Tadeu Sarmento - Um carro capota na lua
Tadeu Sarmento - Um carro capota na lua - Tercetto Editora - 82 Páginas
Projeto gráfico e capa: Glória Campos - Fotografia e pesquisa iconográfica para capa: Thais Guimarães - Revisão: Adriane Garcia - Lançamento: Dezembro/2018.

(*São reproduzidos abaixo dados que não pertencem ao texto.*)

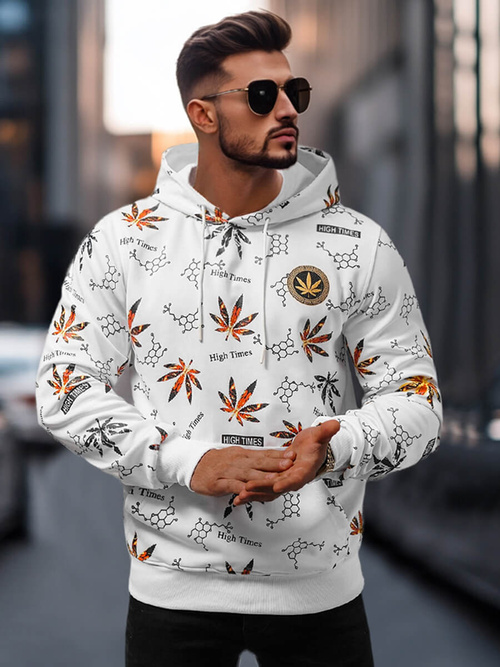 Vīriešu džemperis ar kapuci balta OZONEE O/B266Z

Livro vencedor do Prêmio Governo Minas Gerais de Literatura, na categoria Poesia, em 2016, Um carro capota na lua, de Tadeu Sarmento, foi finalmente publicado como livro inaugural da Tercetto Editora, um projeto da poeta Thais Guimarães e da designer gráfica Glória Campos. Um lançamento que comprova como o livro impresso ainda é viável no mercado editorial, assim como a existência e persistência de um público leitor de poesia em nosso país, apesar de tudo.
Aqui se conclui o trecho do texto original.